Ana M. López is Professor of Communication and Director of the Cuban and Caribbean Studies Institute. She also serves as Associate Provost for Faculty Affairs. Her research is focused on Latin American and Latino film and cultural studies. She is co-editor (with Marvin DLugo and Laura Podalsky) of The Routledge Companion to Latin American Cinema (2017) and the editor in chief of the Intellect journal Studies in Spanish and Latin American Cinemas. She is also the author of the collection of essays Hollywood, Nuestra América y los Latinos (Ediciones Unión, Havana, 2012) and co-editor of three collections of essays on Latin American cinema.
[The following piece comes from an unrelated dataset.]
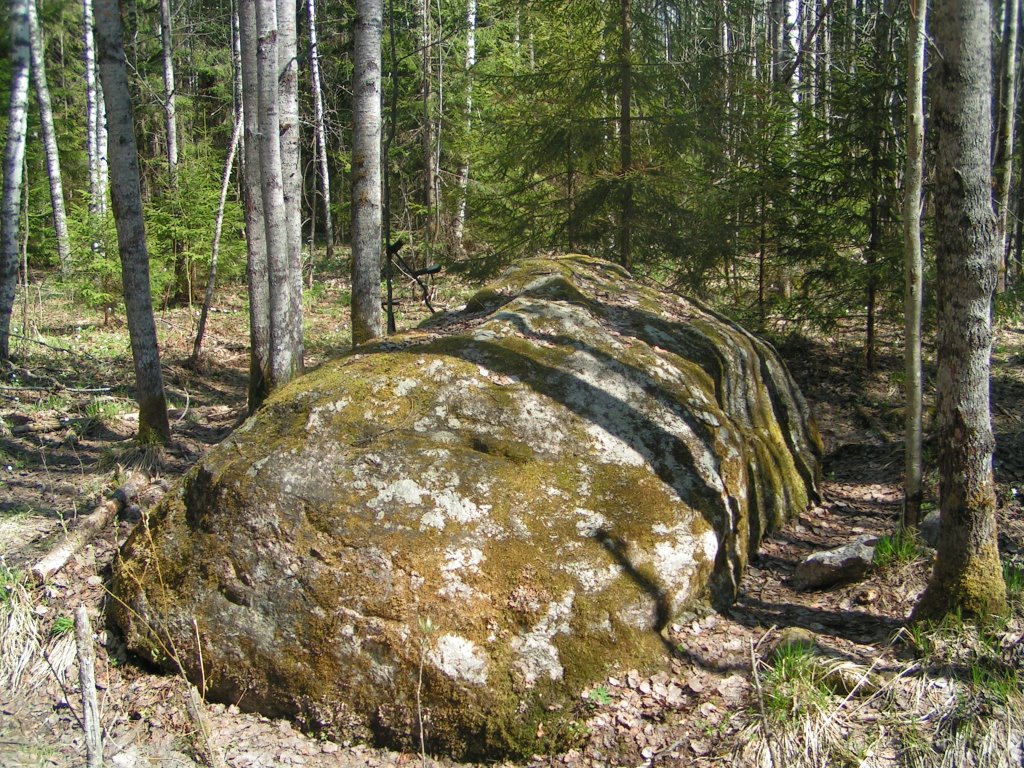 Mama-kamen (stone). Мама-камень by Semyonov Dmitriy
She has published more than three dozen essays and book chapters, addressing topics that range from melodrama and performance in the Golden Age Cinemas of Latin America, early silent cinema and modernity, and documentary to telenovelas, Cuban American media and intermediality.

See her academic profile in Google Scholar.
Download her full curriculum vita.

 

Philippe Meers Philippe Meers

Philippe Meers is a professor of film and media studies at the University of Antwerp, Department of Communication Studies. Meers is the chair of the Antwerp Doctoral School and Center for Mexican Studies at the same university, and a member of the Visual and Digital Cultures Research Center (ViDi). Before moving to the University of Antwerp, Meers conducted research at the Centre for Cinema and Media Studies (CIMS) in Ghent where he was one of the founders of the centre.
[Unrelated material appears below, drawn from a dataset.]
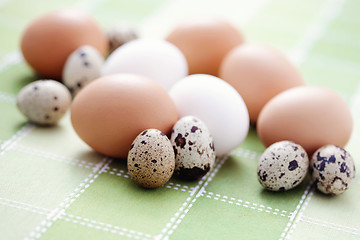 Image showing eggs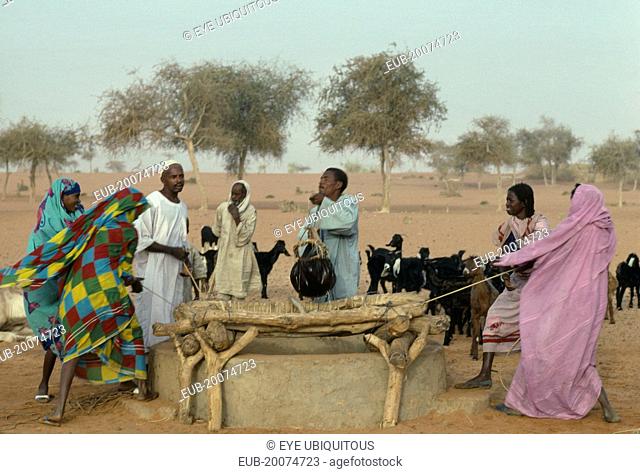 Men and women with goat herd drawing water from well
His work covers a wide range of topics including European media history, new cinema histories, audience studies and transnationalism. He has extensively published in leading academic journals including Media, Culture and SocietyJournal of Popular Film and TelevisionScreen and Alphaville. He is the co-editor of the books The Routledge Companion to New Cinema History (2019), Explorations in New Cinema History (Wiley-Blackwell, 2011), and Cinema, Audiences and Modernity (Routledge, 2011).
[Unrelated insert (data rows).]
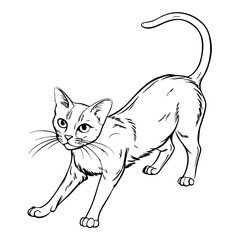 Obraz premium Stylized cat, feline illustration, black and white line art, pet portrait isolated on Transparent Background
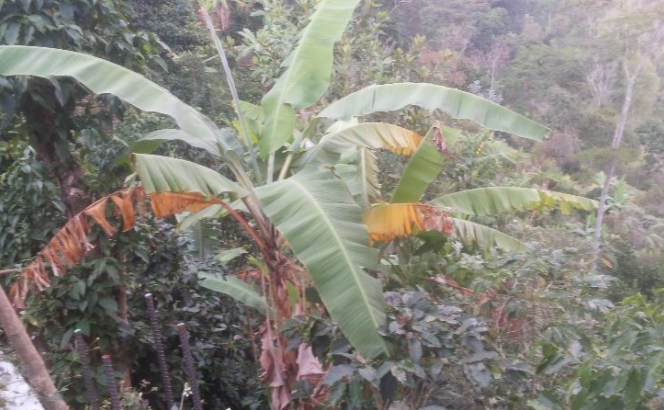 GANGASO¡ SE VENDE FINCA EN ANOLAIMA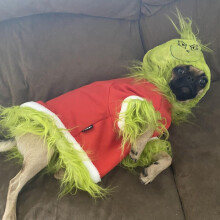 (XL) Cute Puppy Grinch Costume Coat Gift Winter Warm Coat Pet Coat Green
For more information on Philippe Meers’ career and work visit his University of Antwerp and ResearchGate pages.

 

Irene Rozsa

Irene. Rozsa received her Ph.D.in Film and Moving Image Studies from Concordia University  in  Montreal in 2020.  She was recognized for exemplary achievements during her graduate career. with the Governor General’s Academic Gold Medal from her alma mater. This award, one of the most prestigious in the Canadian Academy, honors “the student who achieves the highest academic standing at the graduate level.” It is awarded to only one Concordia graduate student per graduating cohort.  Her dissertation, “On the Edge of the Screen: Film Culture and Practices of Noncommercial Cinema in Cuba (1948-1966)” employs archival research to trace the development of Cuban cinema in the years preceding and immediately following the establishment of the Cuban Film Institute (ICAIC) in 1959. It expands the focus of Cuban media studies both temporally and thematically. Integrating examinations of exhibition, distribution, promotion, and knowledge dissemination, Dr. Rozsa highlights the continuities in Cuban cinematic traditions before and after the Revolution. This approach sets Dr. Rozsa at the forefront of developments in her field, and her work has been published in the Canadian Journal of Film Studies, Studies in Spanish and Latin American Cinemas and the edited anthology Cosmopolitan Film Cultures in Latin America, 1896-1960. During AY 20-21, she is the Social Sciences and Humanities Research Council of Canada Postdoctoral Fellow at the Stone Center of Tulane University, working with Prof. Ana M. López on a postdoctoral project examining  the impact of the Catholic Church on Cuban, Peruvian, and Brazilian cinema from the 1940s the 1980s.